Not All Debt Is Created Equal

Most personal finance advice treats debt as the enemy. But seasoned wealth-builders know the truth: debt is a tool. Used strategically, borrowing can accelerate your path to financial independence. Used carelessly, it can derail it. The key is understanding the difference between debt that works for you and debt that works against you.

What Is "Good Debt"?

Good debt is borrowing that helps you acquire an asset or generate income that exceeds the cost of the loan. In other words, the return on what you're buying is greater than the interest you're paying.

Common Examples of Good Debt

  • Mortgage on a rental property: If your rental income covers the mortgage and expenses with money left over, the debt is working in your favor.
  • Student loans (selectively): A degree that leads to meaningfully higher earnings can justify the cost — though this depends heavily on field and institution.
  • Small business loans: Borrowing to fund a business that generates profit above the interest cost is textbook leverage.
  • Investment margin (used carefully): Borrowing at low rates to invest in assets with higher expected returns — high risk, but sometimes employed by sophisticated investors.

What Is "Bad Debt"?

Bad debt is borrowing used to fund consumption — things that depreciate, provide no income, and cost you more the longer you carry them.

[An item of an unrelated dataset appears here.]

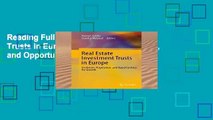 Reading Full Real Estate Investment Trusts in Europe: Evolution, Regulation, and Opportunities for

Common Examples of Bad Debt

  • High-interest credit card balances: Carrying a balance at 20%+ APR is one of the most wealth-destructive habits in personal finance.
  • Auto loans on depreciating vehicles: Cars lose value rapidly. Financing a new car at a high rate compounds the loss.
  • Buy Now, Pay Later (BNPL) for discretionary items: Spreading consumer purchases over time normalizes overspending.
  • Payday loans: Extremely high APRs can trap borrowers in cycles that are very difficult to escape.

The Debt-to-Asset Ratio: Why It Matters

Your debt-to-asset ratio compares what you owe to what you own. A lower ratio signals financial strength; a higher one signals vulnerability. The goal isn't necessarily to eliminate all debt — it's to ensure your assets significantly outweigh your liabilities and that your debt is being used to grow those assets.

Formula: Debt-to-Asset Ratio = Total Liabilities ÷ Total Assets

A ratio below 0.5 (50%) is generally considered healthy. Wealthy individuals often carry debt — but it's almost always leveraged to productive assets.

How to Shift Your Debt Profile

  1. List all debts by interest rate: Identify which are high-cost (bad) and which are low-cost or asset-building (potentially good).
  2. Aggressively pay down high-interest consumer debt first — especially anything above 8–10% APR.
  3. Preserve low-rate, asset-backed debt if the capital freed up can be invested at a higher rate of return.
  4. Before taking on new debt, ask: Does this purchase appreciate or generate income? What is the total cost of borrowing?

The Bottom Line

The wealthiest people in the world use debt as leverage, not as a lifeline. By deliberately separating borrowing that builds your balance sheet from borrowing that erodes it, you take control of one of the most powerful forces in personal finance. Start by eliminating bad debt, then learn to deploy good debt with intention.